As a $3-trillion economy aspiring to enhance its global position, India is transforming its business environment and looking to entrepreneurs as wealth-creators. Ways of doing business are changing to align with global patterns. Today, governments and regulatory agencies expect companies to conform to global best practices for better functioning of markets and convergence of business practices with societal needs.
In this complex business environment, one fundamental factor that enables companies to grow within the sandbox of regulatory compliance and societal expectations is high-quality corporate governance. The next level of business transformation requires companies to go beyond mere adherence to the law and build an integral spirit of governance.
The government has prioritised creating a facilitative regulatory structure over the years. The Ministry of Corporate Affairs brought out the Corporate Governance Voluntary Guidelines in 2009 and, in 2012, it constituted an expert committee under the chairmanship of then Confederation of Indian Industry (CII) President, Adi Godrej. The committee’s report prescribed 17 ‘Guiding Principles of Corporate Governance’ which formed the basis for enhancing governance standards in the country. In October 2017, the report of the Committee on Corporate Governance under the leadership of Uday Kotak was released and several of the suggestions were incorporated into the SEBI (Listing Obligations and Disclosure Requirements) Regulations.
Recently, to build trust, the government took the step of amending the Companies Act, 2013 for the re-categorisation of 16 ‘compoundable offences’ to ‘civil defaults’, and also set up the Company Law Committee, which has recommended further reclassifying 46 offences. An independent director’s databank has been set up to register experts. In January this year, SEBI deferred its directive for the top 500 listed entities by market capitalisation to separate the roles of chairman and managing director by two years till April 2022. It is also in the process of strengthening norms of related party transactions.
A combination of global practices, existing legal provisions, good-to-have principles, and forward-looking concepts comprise the next level of corporate governance.
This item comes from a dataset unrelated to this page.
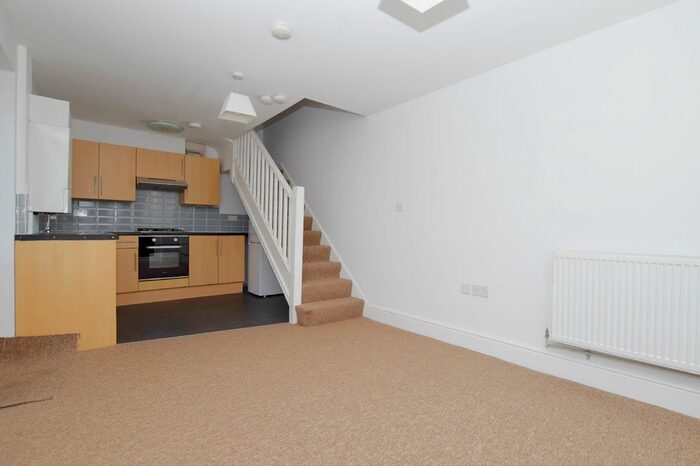 1 Bedroom Flat To Rent In Fishponds Road, Fishponds, Bristol, BS16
These principles will see voluntary practices for adherence; however, adopting them will help the company to meet the challenges of a changing business and regulatory environment.
The CII, which has a long engagement in corporate governance, has drafted an updated set of viable guidelines for companies to inculcate voluntarily. First, the top management, the corporate environment, and internal culture and values are the most important factors for integrity.
Right board leadership is essential to develop the culture of commitment to integrity, fairness, honesty, transparency and ethical conduct. This culture must be disseminated to all employees through training programmes. Boards need to balance their supervisory and stewardship roles and develop key result areas followed up with monitoring of results. Information flow between management and boards is integral to efficient functioning.
Companies must put in place clear policies and practices for zero tolerance of bribery and corruption, as well as anti-competitive practices, to prevent market manipulation as also precautions to prevent money laundering.
The integrity of financial statements is the foundation of the stakeholders’ trust and the functioning of audit committees is critical to building internal controls. All information should be made available to auditors, including through direct engagement between audit committees and auditors.
Risk management is a high priority in an uncertain environment, and includes physical, technological, financial and cyber risks. A risk management committee is essential to review and address vulnerabilities.
Finally, the concept and principles of governance for a company need to embrace all stakeholders, including the government, lenders, creditors, employees, customers, vendors, and the community.
Concurrently, the government needs to ensure clear ‘safe harbours’ for independent directors through safeguards in the Companies Act that will not make them liable for the company’s illegal activities unless there is evidence of their involvement. The process of decriminalisation of business laws should be continued. Good corporate governance, going beyond the letter of law, promotes ease of doing business and thereby adds to growth.